Former ESPN VP helping Milwaukee design firm get most of team structure
A year after the Milwaukee design firm Hanson, Dodge + Sutter restructured to create workplace teams, a survey of clients showed a marked increase in satisfaction with customer service.
“I think everybody here sees team structures as a positive,” says Rusty Borkin, who joined the firm in February to help the 60-person firm as vice president of operations and organizational development.
Teams aren’t the answer to everything, notes Borkin, who was born in Chicago but reared on Milwaukee’s North Shore. “But there’s a lot to suggest that they can play a positive role in a firm’s success.”
Borkin was director of human resources for ESPN, the Connecticut-based sports information media company, when a dinner meeting with the visiting Ken Hanson in New York led to a job offer.
Growth at Hanson, Dodge + Sutter had prompted Hanson and co-owner Tim Dodge to look at new ways of doing business – of managing people. Or, rather, of not managing them. It abandoned the command-and-control method of operation, repositioning itself as a company of self-directed work groups.
The teams, which each has a name such as “High Rollers” and “Mission Control” and which have leaders, are given a breadth of responsibility. Within certain parameters, the teams determine what resources they need to service an account, what budget they need and what the design plan will be. Still, they work under company-wide goals and have restrictions. They can’t, for example, go out and hire as many people as they want to, Borkin notes.
But the team is seen as an integral factor in the continued growth and success of the design firm, says Hanson, who serves as the firm’s CEO and executive creative director. “We have incredible talent, but to continue our growth, Hanson, Dodge + Sutter needs to be the place for highly creative people to work,” he says, adding that programs being developed by Borkin will enforce that position.
It’s all client-related, Borkin says, stressing that teams can only be successful if they are formed and maintained with the customer in mind. “The main thing that keeps the team together is the customer,” advises Borkin. “We’re a studio, not just a group of teams. You can’t be locked into teams; customer needs are continually changing, and thus teams must be continually changing.”
The ability to accept and deal with that change, Borkin believes, will be the hallmark of successful companies in the coming years. “Flexibility in organizational structure will be the future, not locking onto one method or another.”
Even the team-based system at Hanson, Dodge + Sutter has changed since its inception a year and a half ago. “We’re realizing that we need to be incredibly flexible,” Borkin says. “The whole goal always is, what’s best for the client?”
Borkin sees team structure as more customer friendly on a number of fronts. Beside fostering a feeling of ownership among the team for the client’s project and offering the client a group of people who become experts on the account, the system increases the number of contact points with the customer. Those contacts, which formerly were primarily between the client and an account executive, “are the real key to success.”
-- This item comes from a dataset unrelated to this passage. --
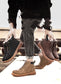 Non-Slip Men's Trendy Shoes Lace-Up Cotton Shoes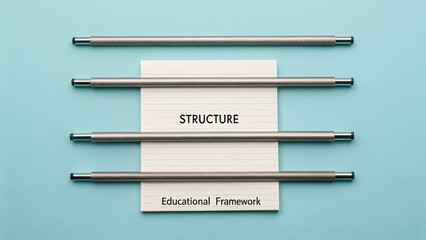 Concept of Structure Shown with Rods and Label on Background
Not to say that multiple points of contact can’t happen otherwise. “But this makes it easier for it to happen,” Borkin says.
How do you develop and decide upon a team structure? There’s no cookie-cutter approach. At Hanson, Dodge + Sutter, the partners looked at how other firms were handling teams and benchmarked against the successful ones. “But it’s a lot like talking about bread,” Borkin adds; “there are a lot of different kinds and each has a different ingredient.”
Teams must be customized to each firm’s needs and the needs of its clients.